出港

 六月三日、午前九時五十一分。

 呉基地に止まる戦闘空母「かが」の出港に、多くのメディアがカメラを構えている。それを甲板から見据える茉蒜は小さく呟く。

「出港だけでこんな集まるかねぇ……」

 隣にいる典子が「これも運命なのよ……」と同じく小さく呟く。

「まぁ慣れたもんだけどねぇ。それにしてもなまらいるやん」

「方言出てるわよ。それ北海道でしょ?」

「典子は出身どこだっけ?」

「私は青森」

「近いねぇ! 青森だったら大湊に友達がいるよ!」

 愉快に笑う茉蒜を見て、「ほんと緊張感ないわねぇあんた」と呆れ混じりに呟く。

「その方がいいじゃん? 緊張もほぐれるし」

「確かにそうだけどさ」

 時間を見る。まだ出港前じゃないことを確認した茉蒜は「艦橋行ってくるけど、典子も行く?」と中甲板へと歩き出す。

「もちろん」

「それでこそ典子だ!」

 艦内に入ると、空母なのに通路が広いことが分かる。壁を塗装し直したのか、とても真新しかった。

「いやぁあの広さはびっくりしたよ」

「ほんとだよ、あれなんなの? あんた優遇されすぎじゃない?」

「副艦長室も結構広かったよね?」

 二人が一番驚いたことは、艦長室や副艦長室が無駄に広いこと。どうしてここまで広く作ったし、と二人で感嘆の声を上げていた。
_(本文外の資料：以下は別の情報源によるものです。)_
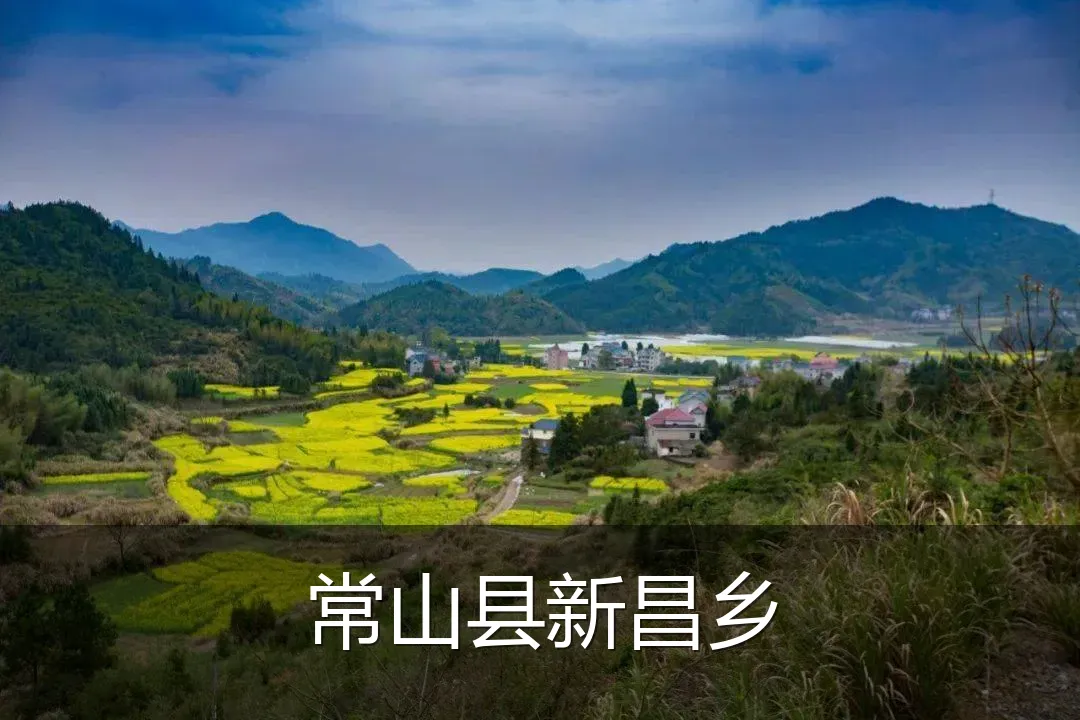 常山县新昌乡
 本来艦長がかなり優遇される存在であることは、何年も艦長を務めている茉蒜はすでに知っているが、どうしてこんなに広いのか上層部に確かめたいところだった。

 艦橋に入るとすでに皆が配置についており、点検やエンジンの確認などで忙しそうにしていた。

「あ、艦長、副艦長!」

「おはようございます御二方!」

 二人に気づいた皆は敬礼をして二人に挨拶をする。

「あーいいよ、続けてて。おはよう、今日からよろしくね〜」

「よろしくね」

 操舵手である山下やました姶良あいら三曹は「艦長〜、これ意外と操舵しにくいパターンのやつだよぉ〜」とナマケモノのようなスローペース口調で呟く。

「うーん山下ちゃん頑張って、私も操舵手はしたことあるけど、操舵しにくいタイプもあるよね」

「うぅーんまぁ頑張る〜。今日から長旅になりそうだぁ……」とぼやく姶良に苦笑いを浮かべる副艦長。

「艦長、司令はおられないのですか?」

 支援管制官である海嶋みしまはなだ准尉が茉蒜に問いかけてくる。

「いないよ?」

「えっ」

「えっ?」

 そう、今回のテスト航海は、すべて茉蒜に任されているのだ。つまり言うと、

「司令と艦長両方やるんですか!?」

「えぇっ、艦長すごいっ!」

「……茉蒜、それは私も聞いてないわよ」

 はなだ、姶良の発言に続いて、典子も声をあげる。

「だって言ってないし。私の負担が大きいけど、一佐は私しかいないみたいだし……私は別にいいけどね。それに乗っかってくるかどうかはあなたたち次第だし」

 窓から見える景色を見据え、茉蒜は言う。

「もちろん、ついていきますよ!」

「安全運転は任せたまへ〜」

「……まぁ、私は副長だし……」

 皆が口々にする言葉を聞いて、「ありがと」と笑顔で茉蒜は言った。

「さて、もうすぐ出港前だ。出港式を始めよう」


 ***


「入間から直接横須賀に……ですか?」

 一時間後、話を聞いた三人のうち雅美が声を上げる。

「そうだ。それに我々は乗らずに、自分らで空母のいる横須賀に直接行ってもらう。もちろん、これは命令だ」

 真顔で言う上司……基、榮倉えいくら青娥せいが空将補は、三人の前に立ってつい先ほどまで空母に着艦してからどうするかなどの説明をしていた。

「命令であれば、従います」

「ちょ、ちょっと亮! そんなの無茶よ!」

「雅美、これは命令なんだ。仕方がない」

 説得性のある亮の言葉に、「うぐ……」と雅美は言葉を詰まらせる。

「まぁまぁ二人とも……それで、横須賀に行って空母に着艦したのちは海上自衛隊の指示に従え、と」

 良介は榮倉空将補の目を見て言う。

「そう。よく分かっているじゃないか。離陸は一一三〇ひとひとさんまる。あと五分もすればお前らはしばらくいなくなるのか……来たばかりなのに寂しいなぁ」

 ゴツい顔に似つかないしょげ方をした榮倉空将補を見て、三人は同時に思う。

 あ、この人見かけによらず寂しがり屋だ、と。

「ほら、俺はいいから早く準備をしてきなさい」

 ピシッと敬礼をして、榮倉空将補は言う。

「人類の未来は君たちにかかっている。頼んだぞ」

「必ずや」

「大げさですねぇ!」

「まったく二人とも……」

 そう言いながら、三人は返礼をした。

 太陽に照らされて、いつまでも続く青穹の下で、三人と一人のシルエットは逆光で見えなくなる。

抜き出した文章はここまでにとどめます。